Is the group of permutations on the set {123} Cyclic? Justification required

1. Aug 11, 2011

pbxed

1. The problem statement, all variables and given/known data
Consider the group of permutation on the set {123}. Is this group cyclic? Justify your answer

2. Relevant equations

3. The attempt at a solution

I wrote out the cayley table for this group, and noticed that if we take (123)^3 = e . Seeing as we can get back to the original orientation of the permutation by composition of (123) three times and that any permutation can be written as a product of transpositions is this enough to show that the group is cyclic?
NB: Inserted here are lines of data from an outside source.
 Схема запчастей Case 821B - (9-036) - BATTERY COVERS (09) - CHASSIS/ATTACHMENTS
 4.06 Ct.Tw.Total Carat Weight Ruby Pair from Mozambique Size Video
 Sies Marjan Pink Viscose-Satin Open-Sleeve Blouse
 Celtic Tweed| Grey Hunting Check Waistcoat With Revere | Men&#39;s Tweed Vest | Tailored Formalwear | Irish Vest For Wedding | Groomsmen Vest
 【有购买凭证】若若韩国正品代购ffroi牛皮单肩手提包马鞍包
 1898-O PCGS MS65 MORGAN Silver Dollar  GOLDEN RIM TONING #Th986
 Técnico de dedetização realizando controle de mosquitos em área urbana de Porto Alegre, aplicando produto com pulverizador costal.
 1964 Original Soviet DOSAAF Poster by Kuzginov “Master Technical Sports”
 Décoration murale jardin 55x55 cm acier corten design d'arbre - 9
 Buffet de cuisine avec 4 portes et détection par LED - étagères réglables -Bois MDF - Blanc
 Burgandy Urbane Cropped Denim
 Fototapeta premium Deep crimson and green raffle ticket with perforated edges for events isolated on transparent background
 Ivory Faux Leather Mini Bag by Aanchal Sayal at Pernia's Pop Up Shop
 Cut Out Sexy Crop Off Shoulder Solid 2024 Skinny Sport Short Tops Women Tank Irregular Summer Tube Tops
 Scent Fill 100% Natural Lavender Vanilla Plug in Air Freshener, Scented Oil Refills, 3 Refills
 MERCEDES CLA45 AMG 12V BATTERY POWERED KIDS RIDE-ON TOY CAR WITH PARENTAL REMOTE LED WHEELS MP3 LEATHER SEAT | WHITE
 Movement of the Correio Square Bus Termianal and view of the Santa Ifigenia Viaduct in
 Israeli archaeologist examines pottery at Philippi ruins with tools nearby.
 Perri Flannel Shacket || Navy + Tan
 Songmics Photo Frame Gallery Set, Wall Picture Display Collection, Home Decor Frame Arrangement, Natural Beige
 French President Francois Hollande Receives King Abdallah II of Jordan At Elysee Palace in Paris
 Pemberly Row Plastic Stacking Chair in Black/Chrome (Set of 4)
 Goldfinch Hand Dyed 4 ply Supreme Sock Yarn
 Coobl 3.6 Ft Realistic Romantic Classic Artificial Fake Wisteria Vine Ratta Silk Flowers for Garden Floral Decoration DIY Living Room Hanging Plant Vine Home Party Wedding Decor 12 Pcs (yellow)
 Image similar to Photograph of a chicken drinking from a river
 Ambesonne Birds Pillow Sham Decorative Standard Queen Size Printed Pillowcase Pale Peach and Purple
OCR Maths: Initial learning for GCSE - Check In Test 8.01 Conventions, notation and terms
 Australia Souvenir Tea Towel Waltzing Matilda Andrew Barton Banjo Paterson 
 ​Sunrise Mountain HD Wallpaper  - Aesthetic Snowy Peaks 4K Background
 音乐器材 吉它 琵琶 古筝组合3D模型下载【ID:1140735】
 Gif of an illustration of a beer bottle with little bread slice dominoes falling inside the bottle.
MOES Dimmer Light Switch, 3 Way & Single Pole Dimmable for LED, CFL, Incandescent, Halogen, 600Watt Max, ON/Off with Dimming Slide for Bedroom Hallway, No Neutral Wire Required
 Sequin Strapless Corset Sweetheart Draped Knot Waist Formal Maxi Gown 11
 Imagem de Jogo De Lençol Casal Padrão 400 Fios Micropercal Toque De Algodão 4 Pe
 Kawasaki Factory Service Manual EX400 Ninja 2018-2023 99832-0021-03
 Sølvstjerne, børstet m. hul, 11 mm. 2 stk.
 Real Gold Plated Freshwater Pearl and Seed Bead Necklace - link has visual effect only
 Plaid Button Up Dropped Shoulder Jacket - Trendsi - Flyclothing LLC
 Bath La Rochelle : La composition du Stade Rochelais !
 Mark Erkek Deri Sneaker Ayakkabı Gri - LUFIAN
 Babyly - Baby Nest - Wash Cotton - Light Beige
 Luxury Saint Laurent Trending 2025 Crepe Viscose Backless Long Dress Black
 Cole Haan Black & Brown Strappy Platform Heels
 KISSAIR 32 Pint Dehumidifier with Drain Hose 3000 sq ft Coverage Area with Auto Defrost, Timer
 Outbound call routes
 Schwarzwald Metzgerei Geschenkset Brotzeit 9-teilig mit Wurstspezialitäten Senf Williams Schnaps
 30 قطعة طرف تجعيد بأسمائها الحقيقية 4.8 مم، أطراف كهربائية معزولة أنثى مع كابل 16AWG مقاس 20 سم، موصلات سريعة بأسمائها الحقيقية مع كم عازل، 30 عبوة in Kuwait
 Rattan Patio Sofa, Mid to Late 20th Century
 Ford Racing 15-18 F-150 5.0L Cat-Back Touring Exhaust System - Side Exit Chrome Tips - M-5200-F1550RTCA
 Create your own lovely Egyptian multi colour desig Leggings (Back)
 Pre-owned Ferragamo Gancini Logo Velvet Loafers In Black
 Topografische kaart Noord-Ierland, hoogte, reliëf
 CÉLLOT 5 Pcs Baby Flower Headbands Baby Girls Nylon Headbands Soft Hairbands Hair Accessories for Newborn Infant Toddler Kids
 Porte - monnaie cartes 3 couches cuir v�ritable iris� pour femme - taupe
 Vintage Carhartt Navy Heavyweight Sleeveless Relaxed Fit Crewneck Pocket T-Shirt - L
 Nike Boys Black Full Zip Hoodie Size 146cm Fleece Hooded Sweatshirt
I think it is but im not totally convinced.

Also what happens if we are given a larger group and have to show that it is cyclic or not? Say {1234567}. Is there a quicker way than writing out all permutations manually trying to find some (g^n) = e (where n is a member of the integers) ?

Thanks

2. Aug 11, 2011

jbunniii

No, this isn't correct. If (1 2 3), (1 2 3)^2, and (1 2 3)^3 were the only elements of the group, it would be right, but that is not the case. There are six permutations of {1,2,3}, not three. In general, there are n! permutations of {1,2,...n}.

The specific permutations you didn't account for are (1 2), (2 3), and (1 3).

3. Aug 11, 2011

pbxed

Oh okay. I think I was just outleveling myself for a minute. The next part of the question ask if the subgroup of even permutations is cyclic. I guess what I have shown is the proof that it is cyclic.

4. Aug 11, 2011

jbunniii

Yes, that's correct - the subgroup of even permutations is cyclic. (It has order 3, which is prime, and any group with prime order is cyclic.)

So what about the original question: is the group of all permutations of {1,2,3} cyclic?

5. Aug 11, 2011

pbxed

Its not cyclic because no permutation can be a generator for the group. That is, no one permutation when composed with itself however many times can generate all the permutations within the group.

Is that correct?

6. Aug 11, 2011

Correct.